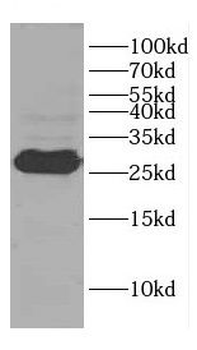 CENPH Antibody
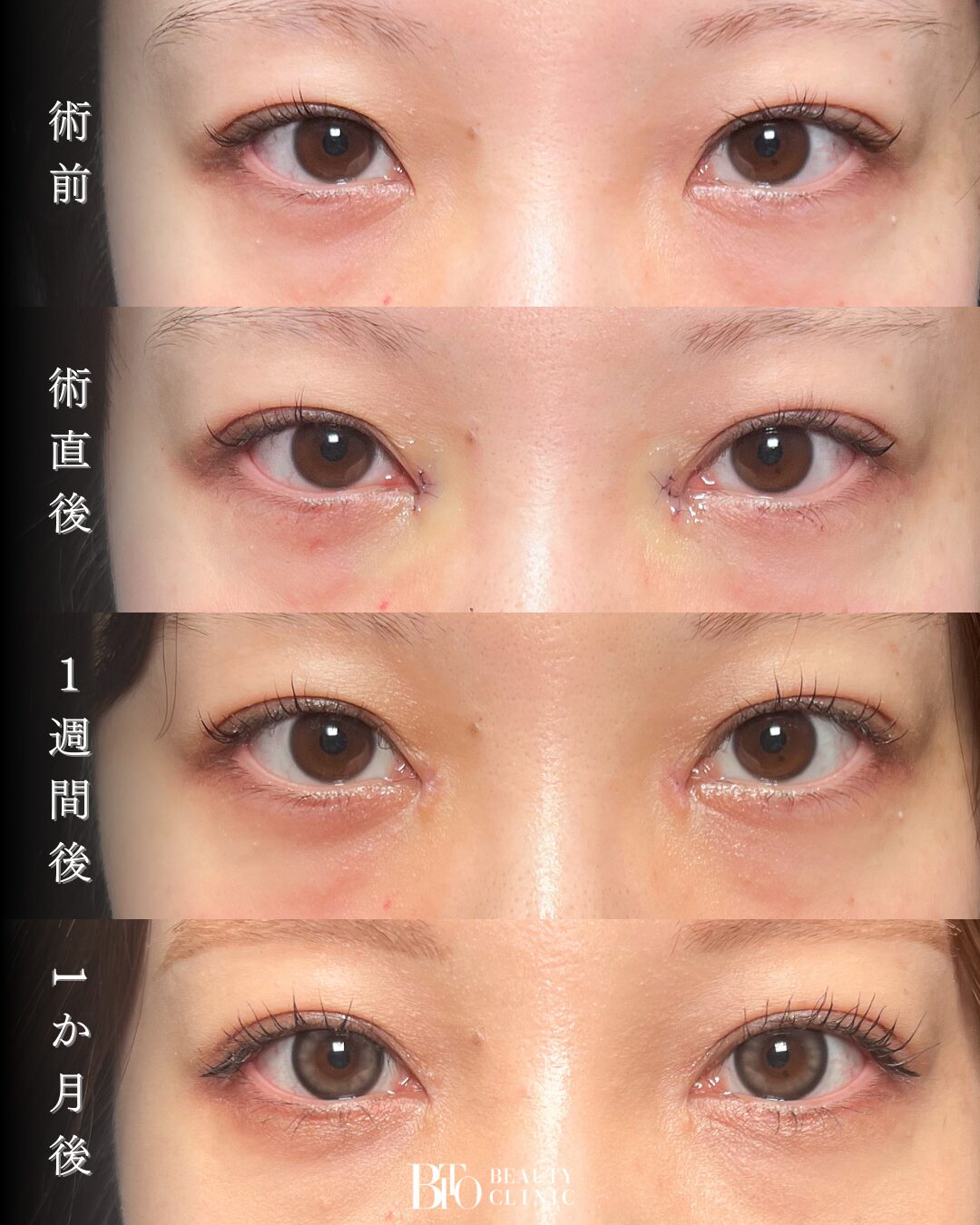 242.目頭切開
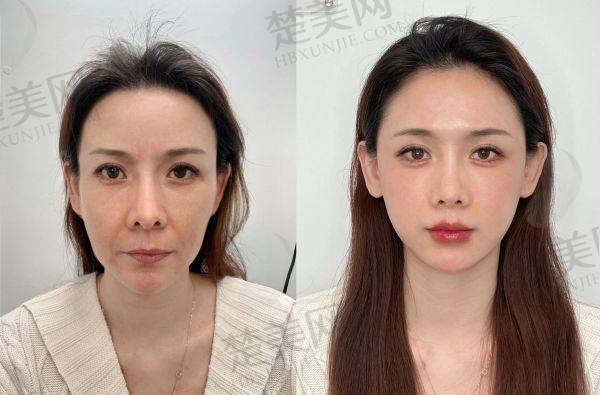 北京加减美黄寅守面部提升技术优势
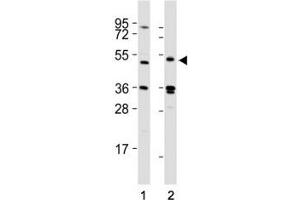 Western blot testing of LAG3 antibody at 1:2000 dilution tested on lysates from Lane 1: 293T; 2: human spleen; Predicted molecular weight ~54 kDa. (LAG3 antibody  (AA 103-132))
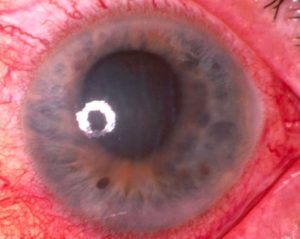 Glaucoma eye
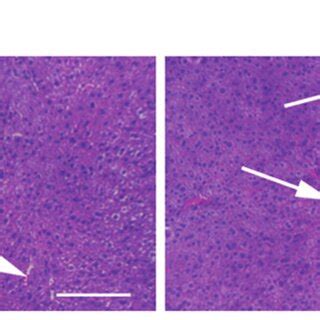 Histopathological damage in the liver tissue in the four groups of... | Download Scientific Diagram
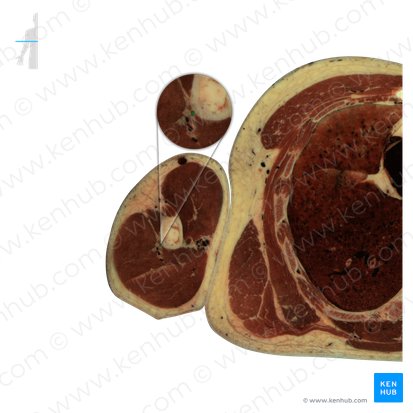 Nervus radialis (Speichennerv); Bild: National Library of Medicine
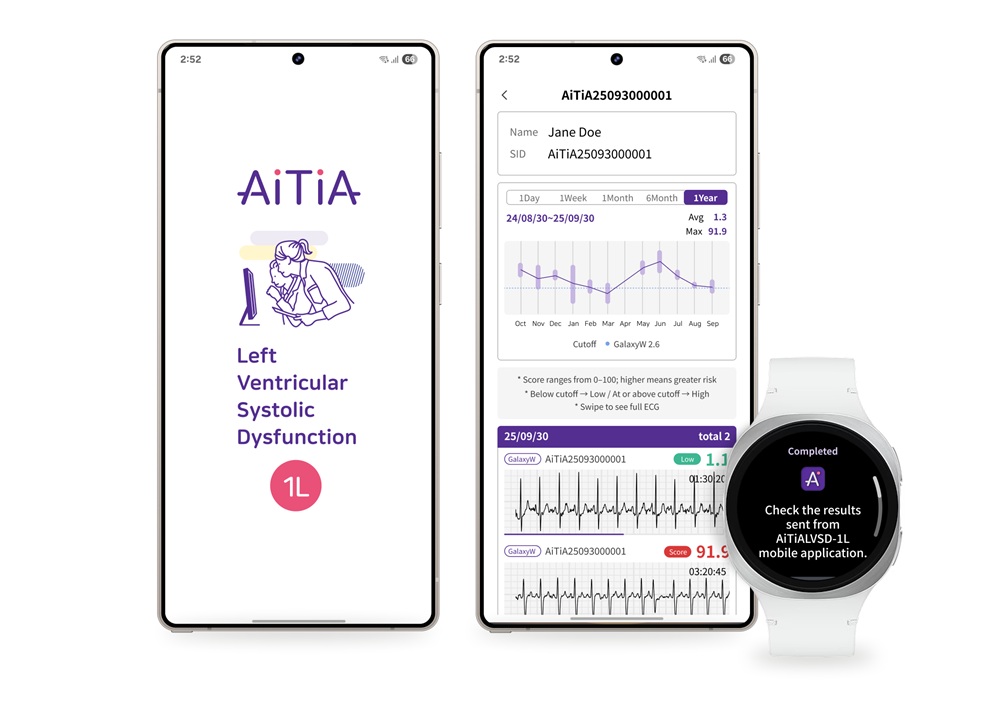 Samsung Galaxy Watch segnali precoci scompenso cardiaco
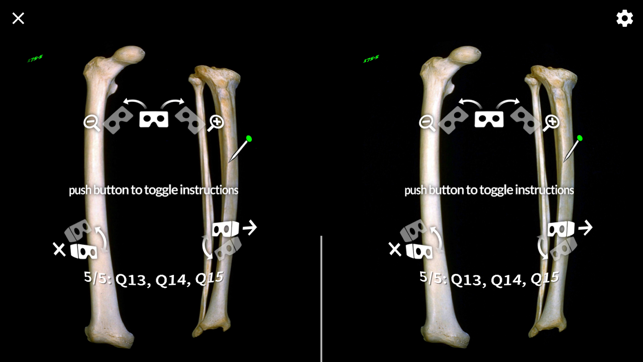 MacAnatomy VRBR(圖2)-速報App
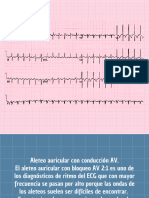 CC - EKG (18.5 X 10.5 CM) (10 X 9 CM)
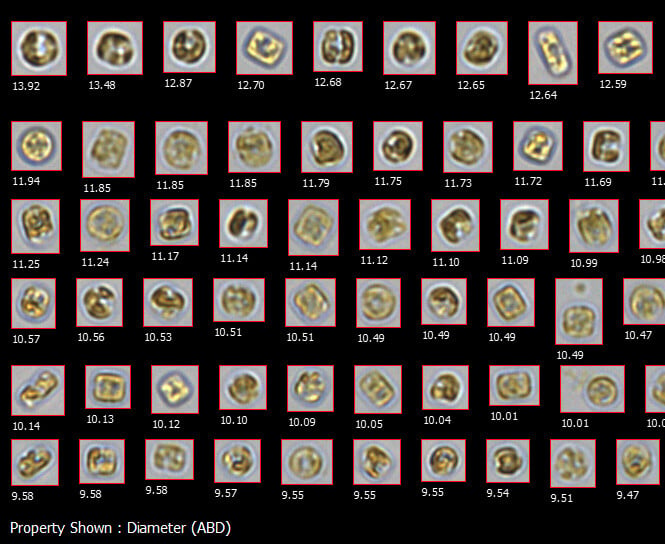 Shell Fish Mri Shellfish Aquaculture Monitoring | Bivalve Research | FlowCam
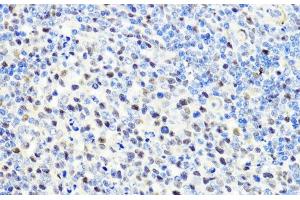 Immunohistochemistry of paraffin-embedded Rat spleen using CTCF Polyclonal Antibody at dilution of 1:100 (40x lens). (CTCF antibody)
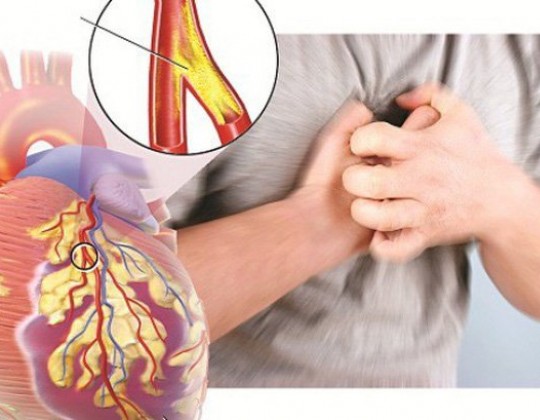 Xơ vữa động mạch là gì? Triệu chứng và cách điều trị như thế nào?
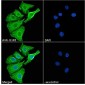 IL1R2 Antibody (internal region)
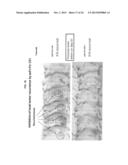 FULLY HUMAN ANTIBODIES TO HIGH MOLECULAR WEIGHT-MELANOMA ASSOCIATED     ANTIGEN AND USES THEREOF diagram and image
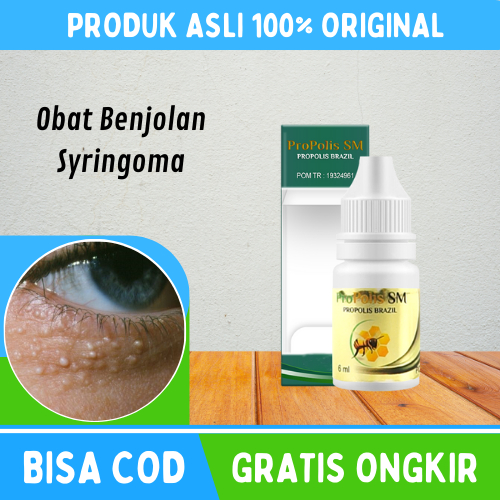 Obat Syringoma, Penghilang Syringoma, Obat Gumpalan Lemak Di Kelopak Mata, Salep Oles Untuk Menghila
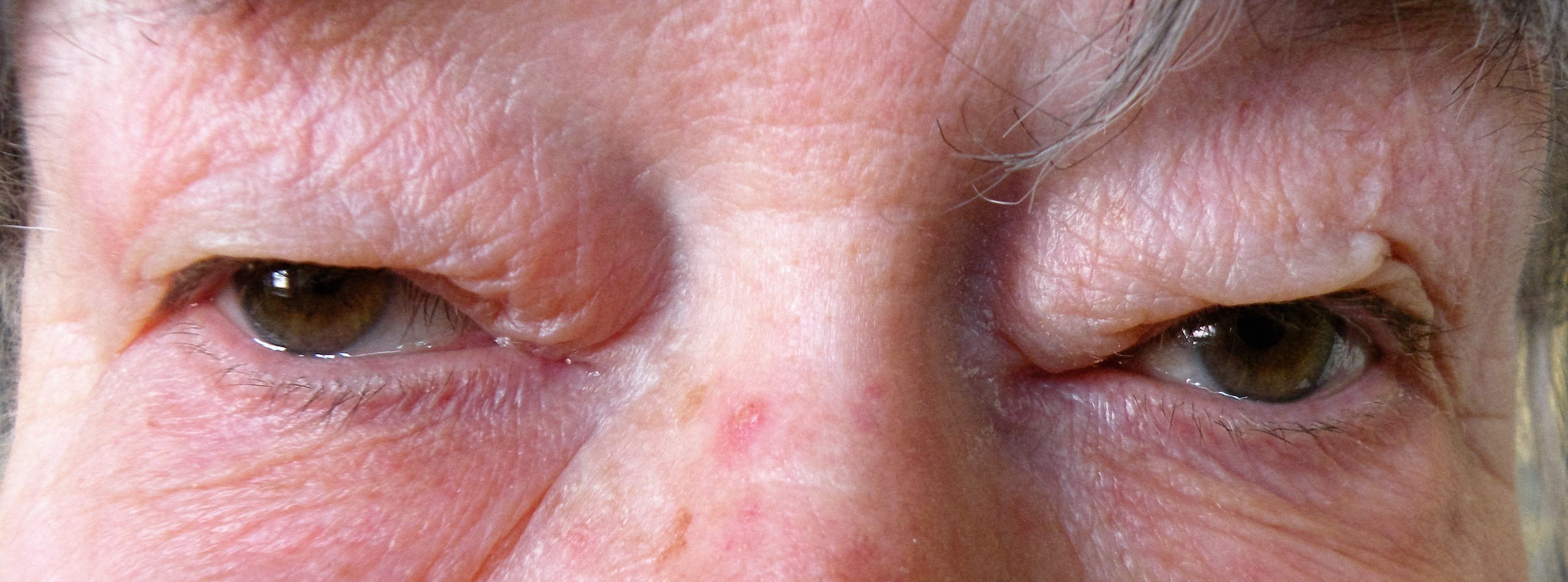 Dermatochalasis with redundant upper eyelid skin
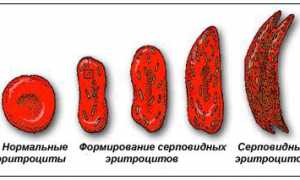 Все про серповидноклеточную анемию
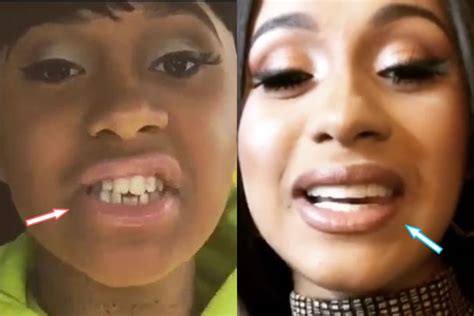 Cardi B Before And After Plastic Surgery Boobs Teeth Nose Hot Sex Picture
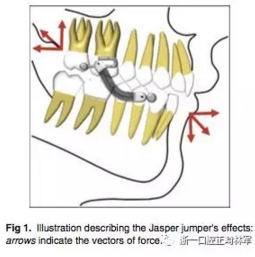 正畸文獻閱讀--用Jasper跳躍矯治器治療II類患者的長期穩(wěn)定性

:: YOUR TASK ::
Copy word for word the lines of the records above from the one with "Shell Fish Mri" up to and including the one with "Obat Syringoma, Penghilang". Skip the pictures.

:: OUTPUT FOR THIS EXERCISE ::
 Shell Fish Mri Shellfish Aquaculture Monitoring | Bivalve Research | FlowCam
 Immunohistochemistry of paraffin-embedded Rat spleen using CTCF Polyclonal Antibody at dilution of 1:100 (40x lens). (CTCF antibody)
 Xơ vữa động mạch là gì? Triệu chứng và cách điều trị như thế nào?
 IL1R2 Antibody (internal region)
 FULLY HUMAN ANTIBODIES TO HIGH MOLECULAR WEIGHT-MELANOMA ASSOCIATED     ANTIGEN AND USES THEREOF diagram and image
 Obat Syringoma, Penghilang Syringoma, Obat Gumpalan Lemak Di Kelopak Mata, Salep Oles Untuk Menghila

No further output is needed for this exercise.